Altra importante rivoluzione che sta facendo particolare scalpore in questo periodo, proprio perché sta colpendo una manifestazione che dovrebbe essere simbolo di pace e avere un carattere più disteso e ricreativo, è quella in corso a Sochi, in Russia, in occasione dei Giochi Olimpici Invernali. Qui i manifestanti stanno denunciando la situazione delle minoranze omosessuali in Russia. «La modernità non è soltanto la tecnologia di questo bellissimo parco olimpico, ma anche l’apertura mentale in tema di diritti per la difesa delle minoranze sessuali». Con questa frase, fortemente ironica, Vladimir Luxuria, ex parlamentare italiana, volata a Sochi proprio per manifestare, intende criticare una legge particolare emanata dal governo russo a giugno del 2013 che vieta la “propaganda omosessuale”, formula volutamente ambigua con la quale si intende proibire qualunque tipo di atteggiamento, effusione o anche difesa omosessuale.

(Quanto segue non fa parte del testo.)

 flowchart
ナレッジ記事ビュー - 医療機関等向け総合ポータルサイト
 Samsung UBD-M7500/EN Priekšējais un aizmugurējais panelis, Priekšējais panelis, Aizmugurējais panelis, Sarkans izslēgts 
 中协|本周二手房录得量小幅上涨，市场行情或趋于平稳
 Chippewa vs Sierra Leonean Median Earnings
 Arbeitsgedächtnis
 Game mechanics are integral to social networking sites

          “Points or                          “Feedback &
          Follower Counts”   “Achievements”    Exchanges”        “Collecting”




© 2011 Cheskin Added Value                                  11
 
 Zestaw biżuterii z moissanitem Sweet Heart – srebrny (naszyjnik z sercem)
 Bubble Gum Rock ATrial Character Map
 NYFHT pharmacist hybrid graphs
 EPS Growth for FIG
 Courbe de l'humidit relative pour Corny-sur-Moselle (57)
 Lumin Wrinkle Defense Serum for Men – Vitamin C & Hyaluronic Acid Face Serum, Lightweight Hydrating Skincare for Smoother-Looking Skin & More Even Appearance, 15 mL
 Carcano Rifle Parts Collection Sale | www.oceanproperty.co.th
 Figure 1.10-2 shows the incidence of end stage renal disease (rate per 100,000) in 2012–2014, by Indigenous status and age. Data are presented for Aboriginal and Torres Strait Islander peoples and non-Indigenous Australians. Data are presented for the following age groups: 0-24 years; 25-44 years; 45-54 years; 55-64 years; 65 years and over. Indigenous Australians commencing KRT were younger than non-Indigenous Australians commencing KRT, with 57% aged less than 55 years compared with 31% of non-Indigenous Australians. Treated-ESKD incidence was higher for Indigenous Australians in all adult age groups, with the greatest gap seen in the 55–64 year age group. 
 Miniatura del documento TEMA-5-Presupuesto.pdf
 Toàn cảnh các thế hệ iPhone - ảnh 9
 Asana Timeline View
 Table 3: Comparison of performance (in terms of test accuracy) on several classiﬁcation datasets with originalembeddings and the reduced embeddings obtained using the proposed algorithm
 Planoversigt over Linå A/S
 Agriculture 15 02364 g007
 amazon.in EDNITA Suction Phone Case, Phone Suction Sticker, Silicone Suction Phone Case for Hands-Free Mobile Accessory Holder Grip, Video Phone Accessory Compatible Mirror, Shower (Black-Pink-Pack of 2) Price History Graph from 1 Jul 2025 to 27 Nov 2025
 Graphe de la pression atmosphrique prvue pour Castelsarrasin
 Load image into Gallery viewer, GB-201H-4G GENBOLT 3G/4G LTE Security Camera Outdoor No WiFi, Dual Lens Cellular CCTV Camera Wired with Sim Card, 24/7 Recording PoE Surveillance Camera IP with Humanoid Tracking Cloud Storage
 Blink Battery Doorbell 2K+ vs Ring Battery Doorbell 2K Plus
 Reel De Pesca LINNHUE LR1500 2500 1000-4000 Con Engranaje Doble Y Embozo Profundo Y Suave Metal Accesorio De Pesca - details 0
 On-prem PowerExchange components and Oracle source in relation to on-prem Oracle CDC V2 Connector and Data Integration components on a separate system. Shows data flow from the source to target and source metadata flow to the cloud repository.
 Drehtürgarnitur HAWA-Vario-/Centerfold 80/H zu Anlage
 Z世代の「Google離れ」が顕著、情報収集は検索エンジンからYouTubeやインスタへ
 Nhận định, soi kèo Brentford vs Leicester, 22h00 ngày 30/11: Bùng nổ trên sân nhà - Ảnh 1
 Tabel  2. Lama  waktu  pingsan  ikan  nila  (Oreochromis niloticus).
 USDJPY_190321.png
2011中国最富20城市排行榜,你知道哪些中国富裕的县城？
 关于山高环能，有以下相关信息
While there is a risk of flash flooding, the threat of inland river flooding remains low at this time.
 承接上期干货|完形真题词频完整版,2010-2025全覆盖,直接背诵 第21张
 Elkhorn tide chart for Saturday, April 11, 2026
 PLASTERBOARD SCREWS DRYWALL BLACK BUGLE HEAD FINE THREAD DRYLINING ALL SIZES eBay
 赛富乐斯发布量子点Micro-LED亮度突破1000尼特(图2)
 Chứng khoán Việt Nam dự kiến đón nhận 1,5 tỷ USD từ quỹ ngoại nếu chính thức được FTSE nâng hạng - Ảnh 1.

Dati alla mano, comunque, secondo uno studio dell’Initiative for Policy Dialogue, organizzazione non-profit con sede presso la Columbia University, sono 843 le proteste nel mondo degli ultimi 8 anni.
Aspetto interessante di questa ricerca è l’analisi del “manifestante medio”. Infatti, mentre prima a scendere in piazza erano solamente attivisti e sindacalisti, ora ad insorgere è la classe media, giovani ed anziani, disillusi dal sistema politico globale.